Some of the AP voters are everything you could ask for: knowledgeable, unbiased, and serious about selecting the best players — for an honor that can shape contracts and legacies. Others, however, don't understand football well, don't understand how to interpret statistics, vote for undeserving players from their local teams, vote for undeserving players whom they like personally, or are simply lazy and put no effort into their selections.

Laziness is most visible outside of the offensive glory positions. The same offensive linemen are selected year after year, based on draft status or prior performance.
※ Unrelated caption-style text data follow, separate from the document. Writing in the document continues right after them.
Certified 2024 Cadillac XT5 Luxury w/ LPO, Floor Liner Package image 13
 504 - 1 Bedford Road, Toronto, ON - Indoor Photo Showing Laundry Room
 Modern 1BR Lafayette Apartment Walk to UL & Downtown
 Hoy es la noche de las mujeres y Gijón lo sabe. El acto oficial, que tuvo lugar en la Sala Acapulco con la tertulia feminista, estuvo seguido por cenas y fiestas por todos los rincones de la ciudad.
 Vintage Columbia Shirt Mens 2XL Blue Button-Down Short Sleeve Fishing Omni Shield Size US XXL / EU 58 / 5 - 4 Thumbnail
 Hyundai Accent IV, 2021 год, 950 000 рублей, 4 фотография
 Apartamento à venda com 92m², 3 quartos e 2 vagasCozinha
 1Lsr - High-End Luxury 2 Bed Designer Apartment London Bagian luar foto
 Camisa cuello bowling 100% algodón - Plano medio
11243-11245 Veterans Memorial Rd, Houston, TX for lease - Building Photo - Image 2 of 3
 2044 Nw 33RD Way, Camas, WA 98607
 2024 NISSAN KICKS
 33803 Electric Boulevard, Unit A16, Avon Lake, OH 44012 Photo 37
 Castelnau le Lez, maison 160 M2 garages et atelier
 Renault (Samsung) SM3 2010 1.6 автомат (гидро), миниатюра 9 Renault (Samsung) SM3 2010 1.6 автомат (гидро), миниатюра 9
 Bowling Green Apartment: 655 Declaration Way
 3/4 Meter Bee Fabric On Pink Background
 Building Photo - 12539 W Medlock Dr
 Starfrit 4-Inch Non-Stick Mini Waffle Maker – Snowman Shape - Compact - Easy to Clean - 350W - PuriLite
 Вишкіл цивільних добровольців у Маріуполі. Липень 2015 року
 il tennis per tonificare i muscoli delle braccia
Ray Lewis continued to get votes when he was years past his prime. Shane Lechler drew votes in 2013, from voters who obviously never gave the matter any consideration. If you ask these voters to select more players, or to submit a second round of choices after the First Team is chosen, how much will that really improve the selections? Some of them can't be bothered with a one-part process; I shudder to think how they'd handle a two-part selection.

If we aim to improve the All-Pro selections, a better voting process like the one Chase suggests is a good start, but we'll keep seeing bad choices until we have more selectors who understand the game and cast thoughtful votes. I would trust Chase Stuart's personal All-Pro team, or Gregg Rosenthal's, more than I would the AP voters, and the sooner we have guys like them making the selections, the better.

Comments and Conversation

March 11, 2014

Chase Stuart:

Well-written critique, Brad. I agree that the OPOY voting is some of the silliest in the sport.